- **What the task asks**:
Starting with the line below that holds "Stiege 24/7 - Gemeindebau" and stopping after the line that holds "Fire at Magnolia", transcribe the lines exactly, leaving out all pictures.

- **Supplied records**:
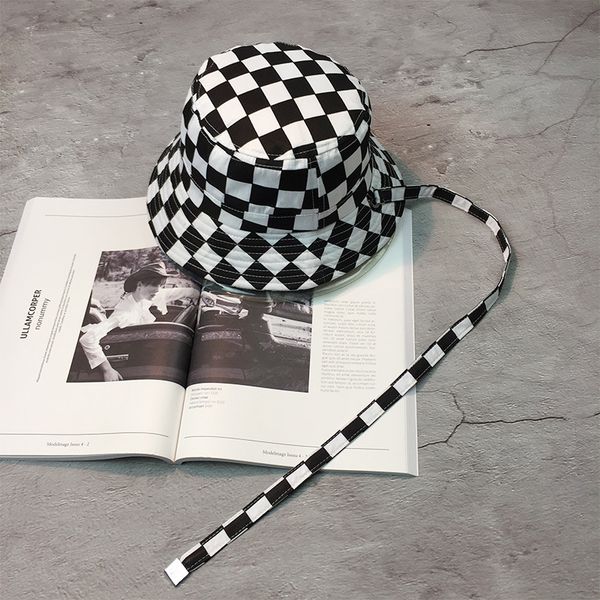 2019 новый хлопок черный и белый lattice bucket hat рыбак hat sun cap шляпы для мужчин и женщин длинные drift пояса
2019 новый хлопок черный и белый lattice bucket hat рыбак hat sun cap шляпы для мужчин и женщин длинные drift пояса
...
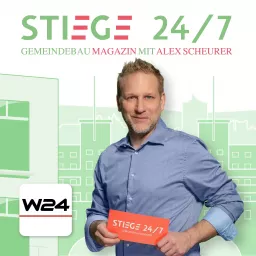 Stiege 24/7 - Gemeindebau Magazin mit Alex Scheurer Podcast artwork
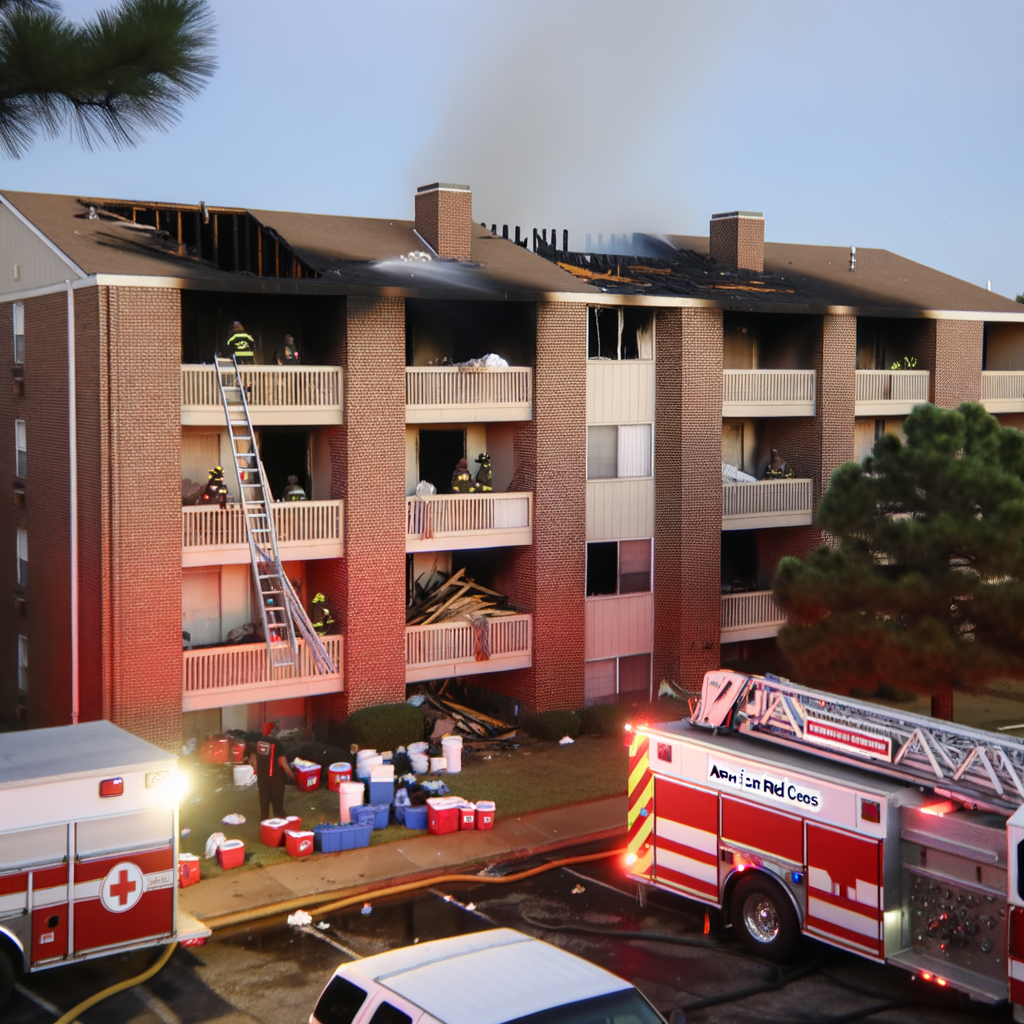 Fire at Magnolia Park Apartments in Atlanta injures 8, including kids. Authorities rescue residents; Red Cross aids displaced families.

- **Expected answer**:
 Stiege 24/7 - Gemeindebau Magazin mit Alex Scheurer Podcast artwork
 Fire at Magnolia Park Apartments in Atlanta injures 8, including kids. Authorities rescue residents; Red Cross aids displaced families.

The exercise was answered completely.